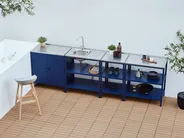 4 Piece Outdoor Kitchen Set with Sink VILAMA Blue Metal_974622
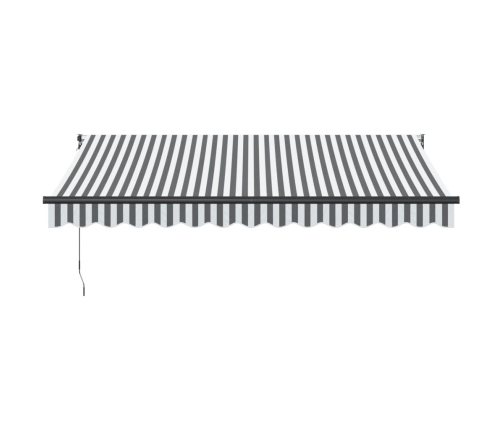 Toldo retráctil aluminio y tela antracita y blanco 3,5x2,5 m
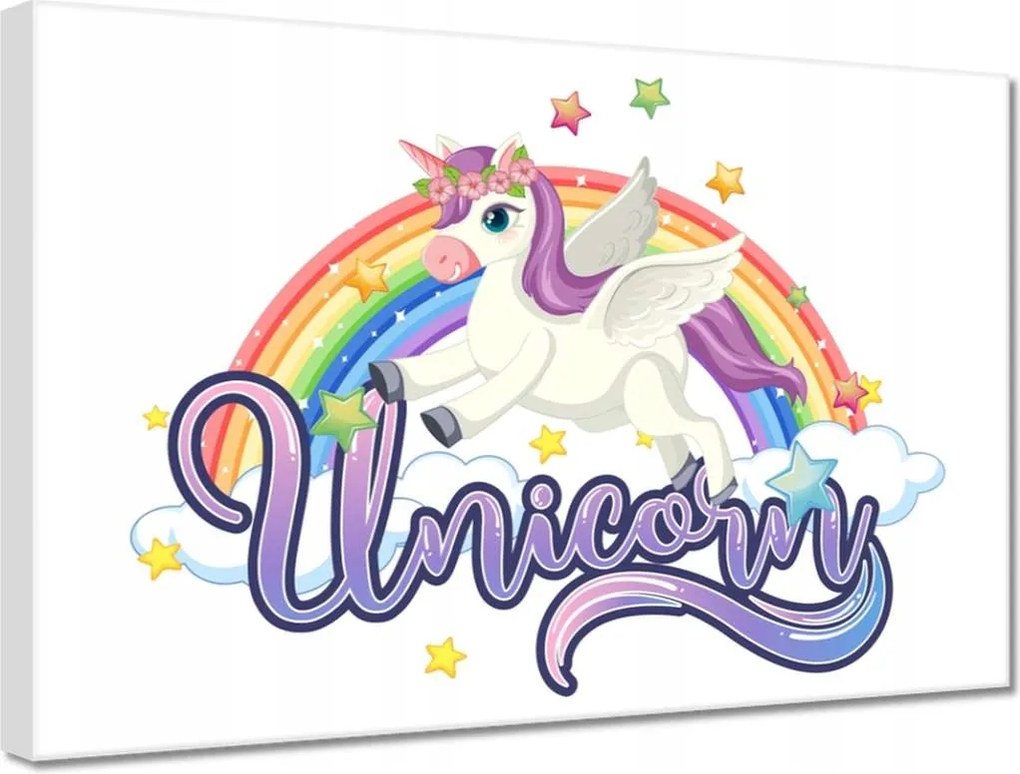 Vászonkép 30x20 Mosolygó unikornis és szivárvány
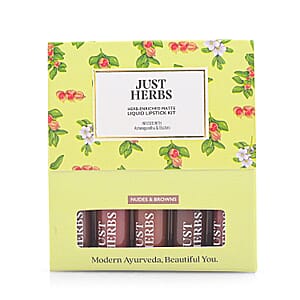 Just Herbs Set of 5 Ayurvedic Liquid Matte Finish Lipstick Kit  - Nudes and Browns
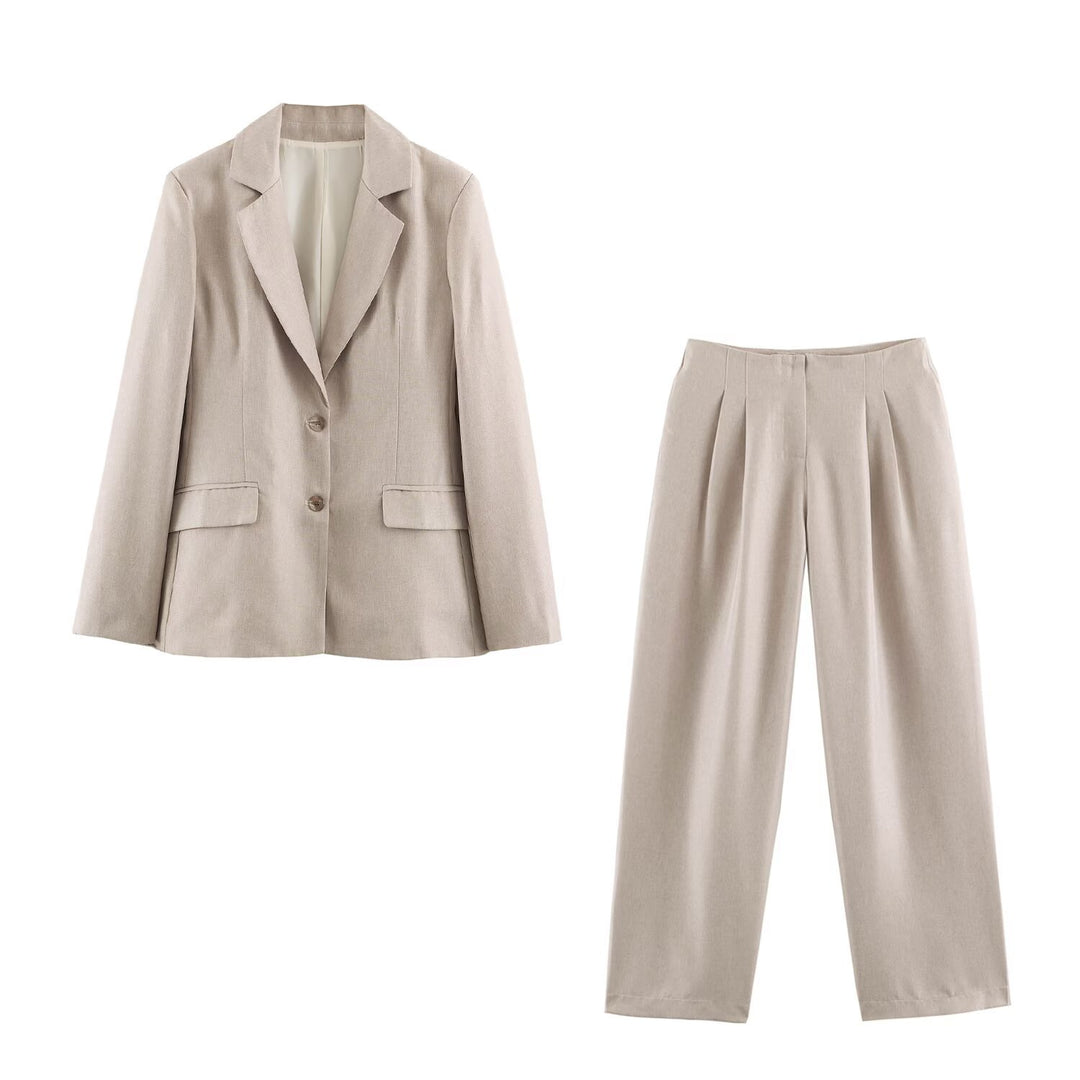 Women Longline Blazer in Linen Blend with Lapel Collar and Flap Pockets Mune Fashion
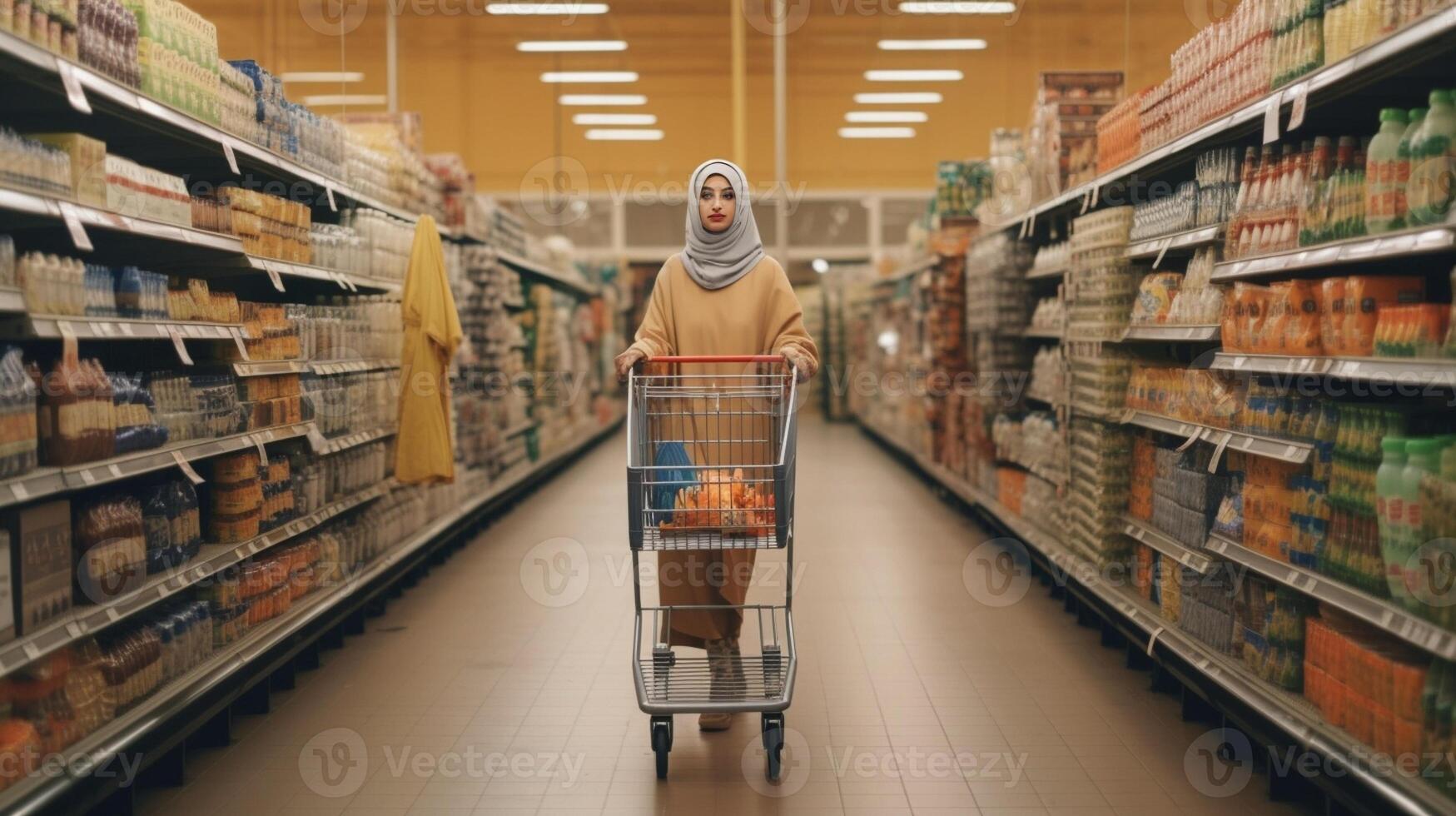 AI Generative Young woman covered by facemask walking through grocery store during COVID19 pandemic photo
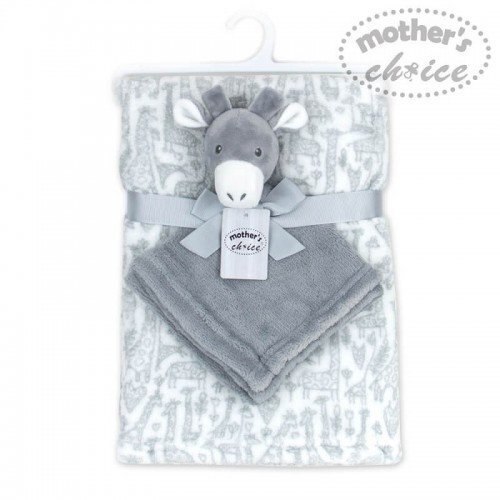 Mother's Choice Set cadou bebelusi cu paturica si jucarie atasament magarus gri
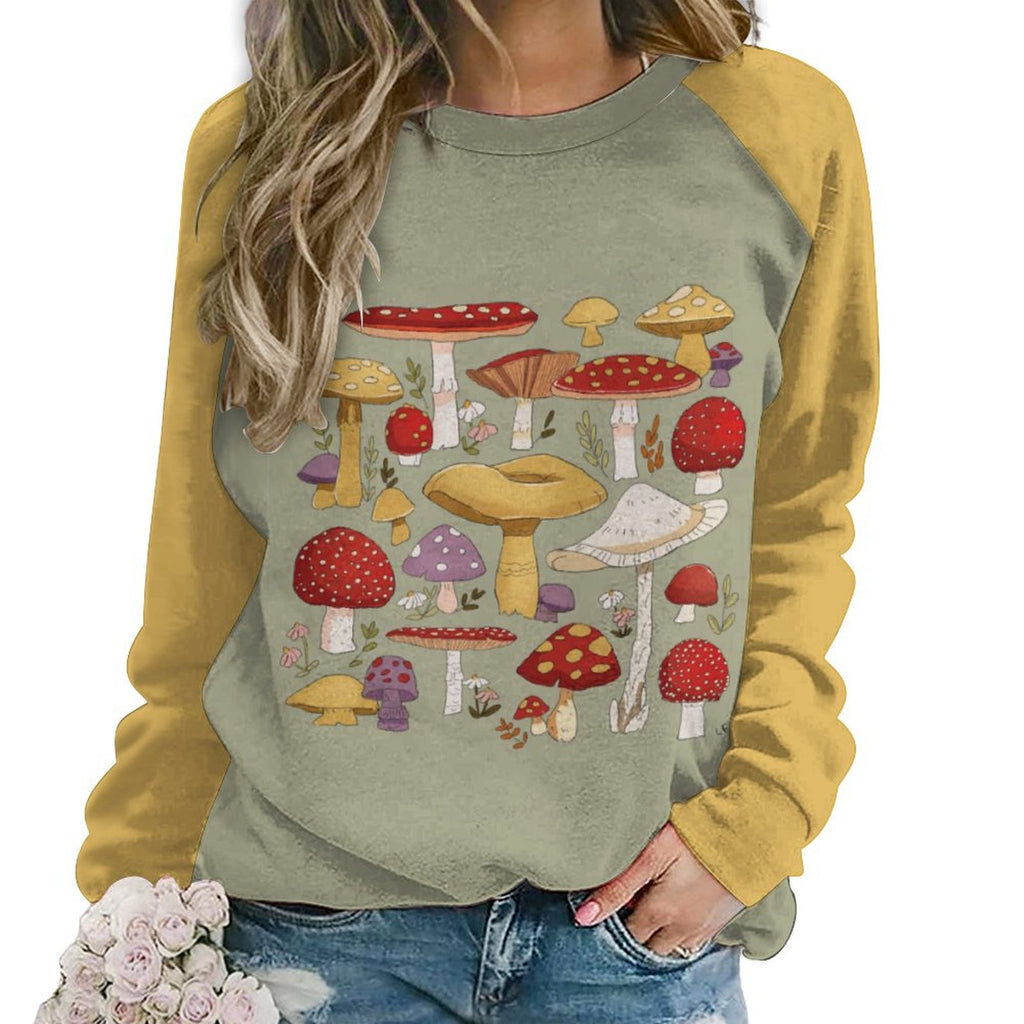 NenntBriy - Raglan Round Neck Sweater Retro Mushroom - Customized with photo&text
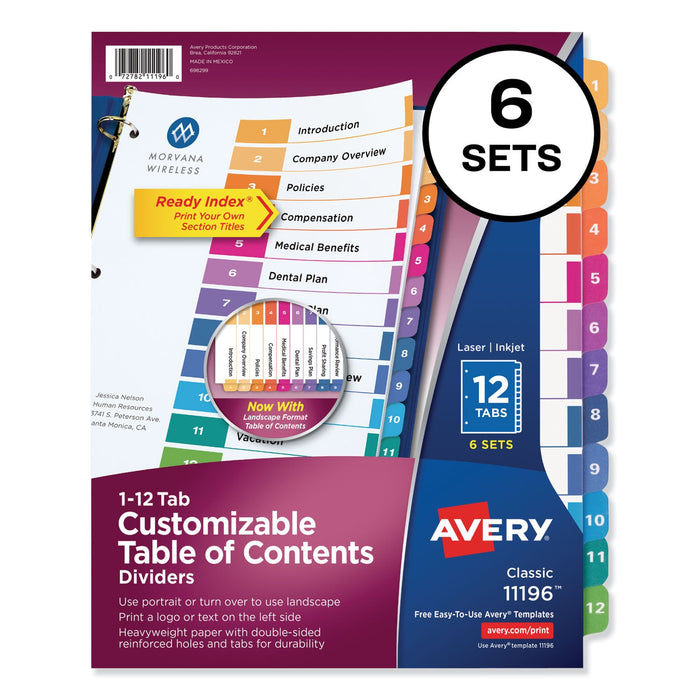 Avery Customizable TOC Ready Index Multicolor Tab Dividers, 12-Tab, 1 to 12, 11 x 8.5, White, Traditional Color Tabs, 6 Sets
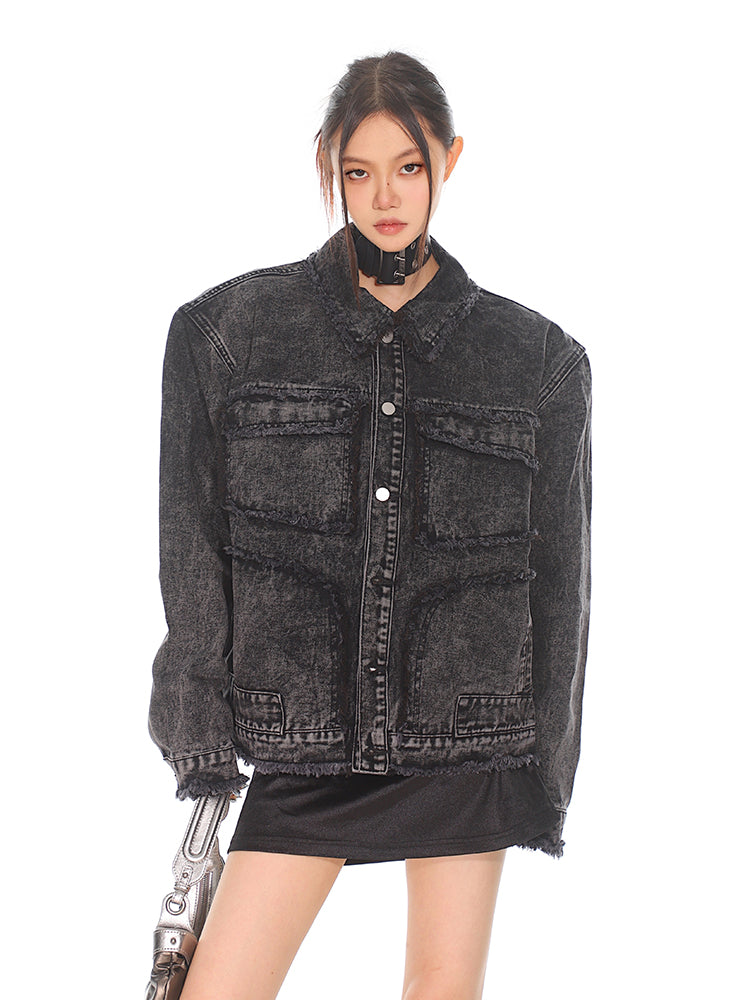 【24s Oct.】Vintage Washed Distressed Denim Jacket ArtsKoreanMan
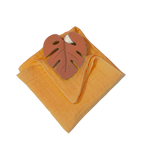 Anneau de dentition feuille terracotta et lange ocre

* _Task goal_
Send back the data above verbatim, leaving out its pictures.

* _Task solution_
 4 Piece Outdoor Kitchen Set with Sink VILAMA Blue Metal_974622
 Toldo retráctil aluminio y tela antracita y blanco 3,5x2,5 m
 Vászonkép 30x20 Mosolygó unikornis és szivárvány
 Just Herbs Set of 5 Ayurvedic Liquid Matte Finish Lipstick Kit  - Nudes and Browns
 Women Longline Blazer in Linen Blend with Lapel Collar and Flap Pockets Mune Fashion
 AI Generative Young woman covered by facemask walking through grocery store during COVID19 pandemic photo
 Mother's Choice Set cadou bebelusi cu paturica si jucarie atasament magarus gri
 NenntBriy - Raglan Round Neck Sweater Retro Mushroom - Customized with photo&text
 Avery Customizable TOC Ready Index Multicolor Tab Dividers, 12-Tab, 1 to 12, 11 x 8.5, White, Traditional Color Tabs, 6 Sets
 【24s Oct.】Vintage Washed Distressed Denim Jacket ArtsKoreanMan
 Anneau de dentition feuille terracotta et lange ocre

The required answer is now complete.